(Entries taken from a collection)
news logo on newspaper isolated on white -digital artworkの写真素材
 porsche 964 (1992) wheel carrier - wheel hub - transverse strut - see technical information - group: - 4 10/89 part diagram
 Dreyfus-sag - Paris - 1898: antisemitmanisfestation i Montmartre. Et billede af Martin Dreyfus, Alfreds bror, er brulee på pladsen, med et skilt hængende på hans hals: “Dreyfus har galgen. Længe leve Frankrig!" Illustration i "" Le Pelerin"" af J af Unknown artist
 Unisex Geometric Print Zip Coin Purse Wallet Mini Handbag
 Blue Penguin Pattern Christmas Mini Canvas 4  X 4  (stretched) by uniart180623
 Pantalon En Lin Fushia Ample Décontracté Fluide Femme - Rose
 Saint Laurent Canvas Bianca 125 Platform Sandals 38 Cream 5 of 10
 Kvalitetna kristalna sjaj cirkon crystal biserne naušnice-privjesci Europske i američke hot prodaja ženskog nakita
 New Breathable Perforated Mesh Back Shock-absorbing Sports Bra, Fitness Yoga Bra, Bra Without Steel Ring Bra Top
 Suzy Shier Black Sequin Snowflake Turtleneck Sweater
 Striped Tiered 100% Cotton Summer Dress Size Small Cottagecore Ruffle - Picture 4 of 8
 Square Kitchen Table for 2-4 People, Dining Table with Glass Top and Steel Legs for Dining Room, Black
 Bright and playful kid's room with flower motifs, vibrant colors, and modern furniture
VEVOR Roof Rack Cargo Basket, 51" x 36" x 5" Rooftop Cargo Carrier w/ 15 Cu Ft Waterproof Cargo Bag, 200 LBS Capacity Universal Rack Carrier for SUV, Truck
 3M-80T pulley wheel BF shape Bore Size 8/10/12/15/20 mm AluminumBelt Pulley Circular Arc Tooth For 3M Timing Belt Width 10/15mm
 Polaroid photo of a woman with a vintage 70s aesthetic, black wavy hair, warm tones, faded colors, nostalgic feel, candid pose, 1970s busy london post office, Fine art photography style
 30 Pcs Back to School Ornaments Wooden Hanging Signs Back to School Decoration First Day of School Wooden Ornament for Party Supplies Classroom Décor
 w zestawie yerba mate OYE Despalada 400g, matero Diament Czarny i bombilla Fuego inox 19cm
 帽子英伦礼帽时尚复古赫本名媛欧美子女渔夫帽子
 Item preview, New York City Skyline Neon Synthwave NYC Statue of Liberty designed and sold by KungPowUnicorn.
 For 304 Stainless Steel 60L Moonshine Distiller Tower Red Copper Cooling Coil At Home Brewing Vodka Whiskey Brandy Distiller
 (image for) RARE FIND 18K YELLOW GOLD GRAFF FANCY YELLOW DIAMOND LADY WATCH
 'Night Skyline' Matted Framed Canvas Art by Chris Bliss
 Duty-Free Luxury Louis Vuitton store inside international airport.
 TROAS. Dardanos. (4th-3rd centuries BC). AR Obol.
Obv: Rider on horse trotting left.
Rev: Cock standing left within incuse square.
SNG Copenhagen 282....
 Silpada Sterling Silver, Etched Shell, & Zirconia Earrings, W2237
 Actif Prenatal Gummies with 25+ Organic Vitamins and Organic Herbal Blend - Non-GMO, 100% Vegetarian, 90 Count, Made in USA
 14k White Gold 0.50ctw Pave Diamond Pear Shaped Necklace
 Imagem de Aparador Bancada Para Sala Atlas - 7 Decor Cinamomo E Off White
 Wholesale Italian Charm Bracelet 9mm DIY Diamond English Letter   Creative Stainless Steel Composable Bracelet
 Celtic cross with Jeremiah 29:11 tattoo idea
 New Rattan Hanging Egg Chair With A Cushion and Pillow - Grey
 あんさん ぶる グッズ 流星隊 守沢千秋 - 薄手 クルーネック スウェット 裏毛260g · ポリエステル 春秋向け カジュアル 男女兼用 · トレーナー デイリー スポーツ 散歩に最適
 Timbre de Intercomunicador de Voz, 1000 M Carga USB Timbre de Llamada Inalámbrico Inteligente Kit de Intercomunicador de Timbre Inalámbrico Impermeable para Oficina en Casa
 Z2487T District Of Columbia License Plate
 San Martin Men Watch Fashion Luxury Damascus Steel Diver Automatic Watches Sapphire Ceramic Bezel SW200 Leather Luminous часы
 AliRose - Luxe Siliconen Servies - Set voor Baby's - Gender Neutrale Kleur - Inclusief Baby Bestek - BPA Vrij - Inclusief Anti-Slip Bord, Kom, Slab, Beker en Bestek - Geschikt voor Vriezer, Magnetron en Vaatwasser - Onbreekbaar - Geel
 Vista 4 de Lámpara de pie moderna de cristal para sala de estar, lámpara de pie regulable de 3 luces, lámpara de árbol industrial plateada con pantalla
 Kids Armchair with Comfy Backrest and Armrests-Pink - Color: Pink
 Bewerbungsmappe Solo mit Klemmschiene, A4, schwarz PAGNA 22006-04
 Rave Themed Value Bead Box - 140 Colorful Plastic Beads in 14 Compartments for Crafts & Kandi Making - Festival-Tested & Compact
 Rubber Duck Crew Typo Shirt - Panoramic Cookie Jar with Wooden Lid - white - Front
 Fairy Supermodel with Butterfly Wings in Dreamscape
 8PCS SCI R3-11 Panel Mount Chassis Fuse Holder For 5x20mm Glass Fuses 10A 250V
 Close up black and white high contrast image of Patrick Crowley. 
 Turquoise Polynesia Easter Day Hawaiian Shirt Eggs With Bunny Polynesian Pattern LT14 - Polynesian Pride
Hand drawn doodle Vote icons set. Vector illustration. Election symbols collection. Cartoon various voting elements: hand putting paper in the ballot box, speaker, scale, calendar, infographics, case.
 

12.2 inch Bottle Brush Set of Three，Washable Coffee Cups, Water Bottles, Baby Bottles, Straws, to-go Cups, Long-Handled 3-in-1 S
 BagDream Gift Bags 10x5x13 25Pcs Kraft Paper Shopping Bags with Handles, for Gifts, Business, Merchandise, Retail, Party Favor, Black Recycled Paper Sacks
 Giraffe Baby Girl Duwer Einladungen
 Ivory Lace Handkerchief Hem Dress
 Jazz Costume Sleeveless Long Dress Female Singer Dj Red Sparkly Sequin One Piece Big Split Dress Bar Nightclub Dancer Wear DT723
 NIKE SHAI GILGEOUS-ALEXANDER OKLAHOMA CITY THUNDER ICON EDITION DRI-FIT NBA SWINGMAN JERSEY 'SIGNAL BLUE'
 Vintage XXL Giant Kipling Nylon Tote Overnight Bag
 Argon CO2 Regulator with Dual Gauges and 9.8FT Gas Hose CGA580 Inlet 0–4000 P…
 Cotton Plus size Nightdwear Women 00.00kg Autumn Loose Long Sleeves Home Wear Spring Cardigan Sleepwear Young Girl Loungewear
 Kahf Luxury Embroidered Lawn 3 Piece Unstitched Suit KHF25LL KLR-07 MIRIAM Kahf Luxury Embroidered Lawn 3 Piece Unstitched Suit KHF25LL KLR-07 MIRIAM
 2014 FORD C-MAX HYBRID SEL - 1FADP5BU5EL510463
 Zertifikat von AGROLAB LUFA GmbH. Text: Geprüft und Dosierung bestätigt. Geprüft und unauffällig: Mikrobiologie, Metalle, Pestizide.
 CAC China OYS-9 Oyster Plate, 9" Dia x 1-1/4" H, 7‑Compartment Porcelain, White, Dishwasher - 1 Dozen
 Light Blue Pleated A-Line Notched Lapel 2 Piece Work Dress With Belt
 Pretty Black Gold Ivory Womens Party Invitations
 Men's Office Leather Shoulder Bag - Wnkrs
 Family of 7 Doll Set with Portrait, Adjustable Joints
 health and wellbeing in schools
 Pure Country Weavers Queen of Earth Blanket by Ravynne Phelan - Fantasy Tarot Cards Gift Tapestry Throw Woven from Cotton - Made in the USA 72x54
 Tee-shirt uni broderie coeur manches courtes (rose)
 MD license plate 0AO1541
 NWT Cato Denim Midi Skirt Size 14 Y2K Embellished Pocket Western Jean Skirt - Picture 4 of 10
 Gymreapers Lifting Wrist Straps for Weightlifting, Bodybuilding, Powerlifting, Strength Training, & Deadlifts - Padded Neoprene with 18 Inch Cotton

TASK TO COMPLETE
Only one stretch of the entries above is wanted: the lines from the one containing "Bewerbungsmappe Solo mit" through the one containing "Close up black". Please reproduce it exactly.

RESULT FOR THIS EXERCISE
 Bewerbungsmappe Solo mit Klemmschiene, A4, schwarz PAGNA 22006-04
 Rave Themed Value Bead Box - 140 Colorful Plastic Beads in 14 Compartments for Crafts & Kandi Making - Festival-Tested & Compact
 Rubber Duck Crew Typo Shirt - Panoramic Cookie Jar with Wooden Lid - white - Front
 Fairy Supermodel with Butterfly Wings in Dreamscape
 8PCS SCI R3-11 Panel Mount Chassis Fuse Holder For 5x20mm Glass Fuses 10A 250V
 Close up black and white high contrast image of Patrick Crowley. 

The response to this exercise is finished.